Anabel se levanta da cama e fica frente a frente com Valentim.
ANABEL: Casar? Tão de repente? Não seria certo…
VALENTIM: E por que não? Anabel, nós somos livres. Eu amo você, e esse é o meu maior desejo atualmente.
ANABEL: Está se precipitando. Eu achava que você era meu irmão até algumas horas atrás. Não é tão fácil para mim esquecer tudo isso e seguir em frente como se nada tivesse acontecido.
VALENTIM: Eu vou deixar você pensando por um tempo, mas pense bem. Nós podemos dizer a todos que o engano foi meu, que eu não sou filho legítimo de Bernardino, assim tudo corre normalmente para você.
ANABEL: Agradeço por ser tão gentil comigo, mas me deixe sozinha agora. Eu só preciso de um tempo sozinha com meus pensamentos.
VALENTIM: Está bem. Estarei aguardando uma resposta.
Valentim se retira do quarto. Anabel se joga na cama e põe a mão no rosto, em sinal de desespero.

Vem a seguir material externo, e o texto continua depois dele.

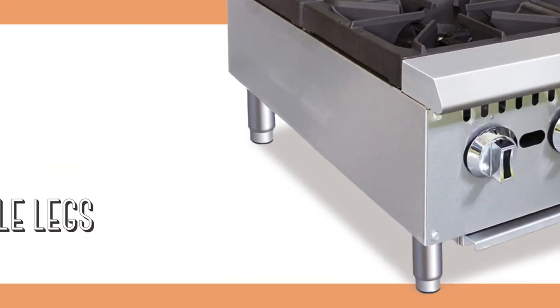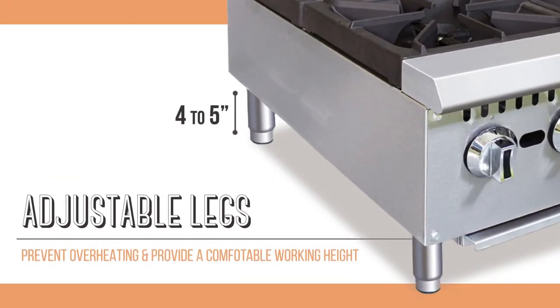The adjustable legs lift the unit off of the countertop by 4 to 5 inches to prevent overheating and to put the unit at a comfortable working height.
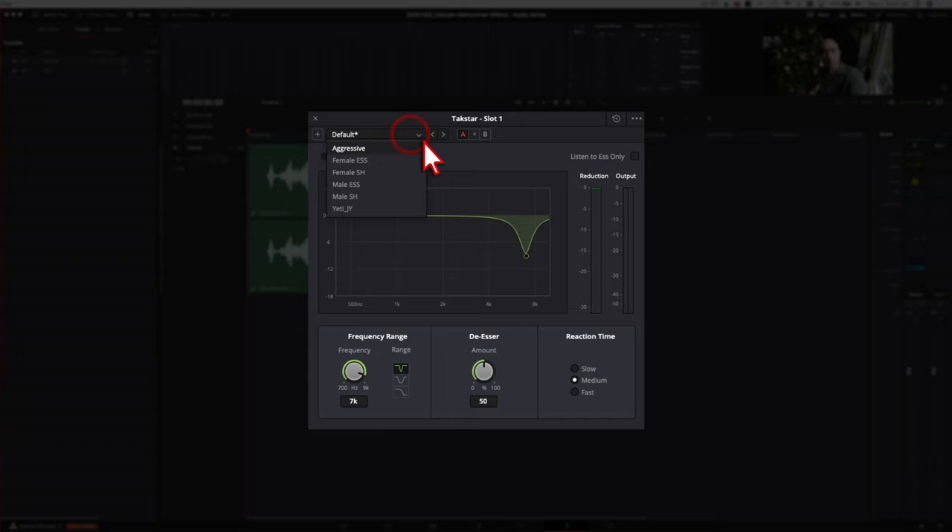Here's a quick overview of the De-esser window. Up top we've got presets: female S's, SH sounds, male versions of those — and I have one I created for my Yeti mic. You can compare two options back to back, and there's a reset button and preset manager under the three dots. You can turn the effect on and off, and there's a 'listen to S's only' mode we'll try in a minute. Coming down to the frequency range, you can sweep it back and forth to set where on the EQ you want to target to remove those S's.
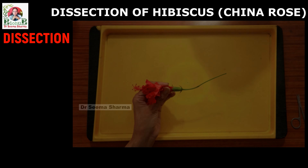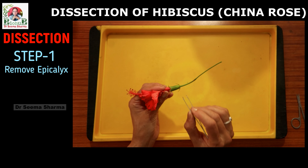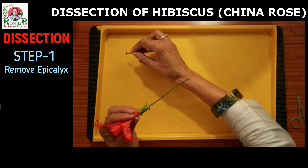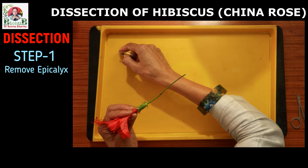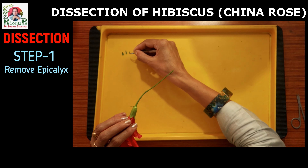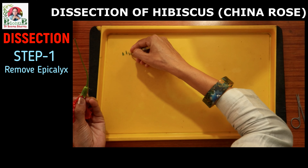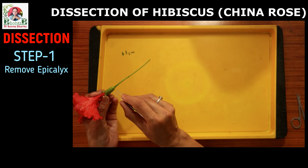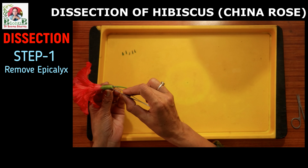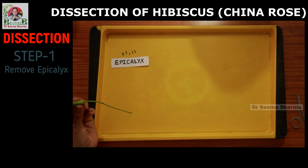Whenever we start dissection of a flower, always remember we start from the outermost floral whorl. So here, just hold the flower gently and start plucking these green tiny leafy structures of the epicalyx one by one with the help of a forcep. Place these on the dissection tray or on a sheet of white paper. You can see the epicalyx of Hibiscus rosa sinensis is made up of 5 tiny green leafy modified bracteoles. Annotate these by placing a label slip.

Mercedes arruma a mesa do jantar e apenas Valentim aparece.
MERCEDES: Está tudo bem com a senhorita Anabel? Vi que ela chegou abatida, inconsolável. Sabe o que aconteceu?
VALENTIM: Ela precisa de um tempo para si. Descobriu que não é filha de meu pai.
Mercedes se assusta com o que o rapaz fala.
MERCEDES: Como?
VALENTIM: É isso mesmo que ouviu. Agora eu entendo o porquê daquelas suas insinuações e provocações, você sempre soube disso, não é? É, e sempre foi, os olhos e ouvidos desta casa, claro que sabia disso, e por isso disse aquelas coisas.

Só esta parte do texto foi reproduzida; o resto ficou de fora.